21. Costs and Stamp Duty
21.1 The Vendor and the Purchaser agree' except as provided in clause
21.2, respectively to bear their own legal and other costs and
expenses of and incidental to the preparation' execution and
completion of this agreement and of other related documentation.
21.2 The Purchaser agrees to bear all stamp duty payable or assessed
in relation to this agreement and the transfer of the Assets to
the Purchaser.
22. Non-Competition
22.1 The Vendor undertakes to the Purchaser that it will not:
(a) for a period of 5 years from the Completion Date' be engaged
or involved in any capacity in any business or activity
which is the same as or similar to the Business or any
material part of it throughout Australia and New Zealand or
sell products manufactured by the Business as at the
Completion Date into Australia or New Zealand.

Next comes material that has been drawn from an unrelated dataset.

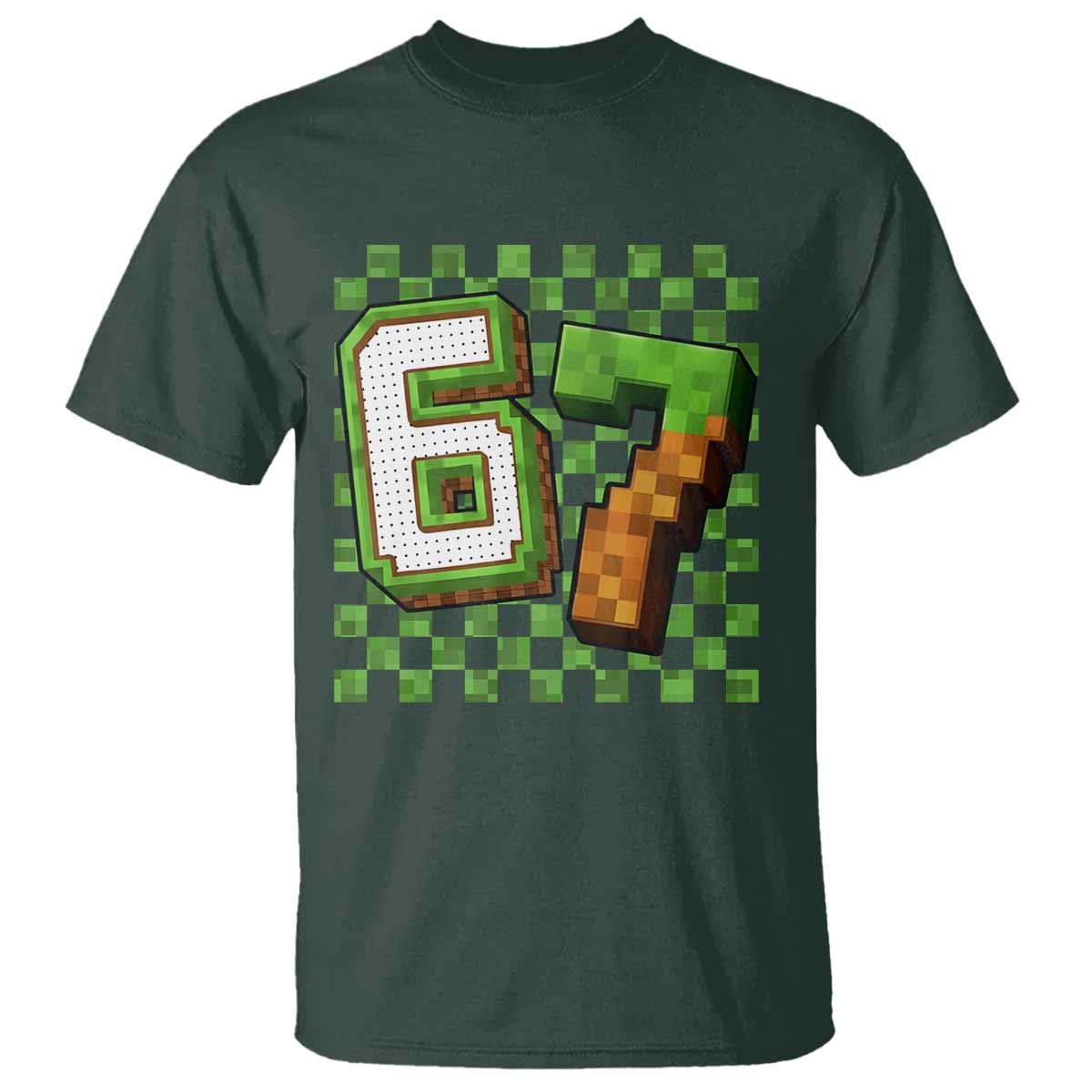 Funny 67 Pixel Style Graphic T Shirt Viral Six Seven Meme Gamer TS02 Dark Forest Green Print Your Wear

For the
purposes of this clause "engaged or involved in" includes
direct or indirect involvement as a principal, agent,
partner, employee, shareholder, unitholder, director,
trustee, beneficiary, manager, consultant, adviser or
financier. This restriction applies throughout Australia
and New Zealand;
(b) at any time after the Completion Date:
(i) use or disclose any of the Purchaser's Confidential
Information to anyone other than the Purchaser, except
as required by law; or
(ii) use a logo, symbol, trade mark or business name
substantially identical or deceptively similar to a
Trade Mark or Business Name.
22.2 The prohibitions or restrictions contained in clause 22.1 shall
not apply for a period of 12 months from the Completion Date to
sales of greenhouse film by the Vendor's merchanted film
business.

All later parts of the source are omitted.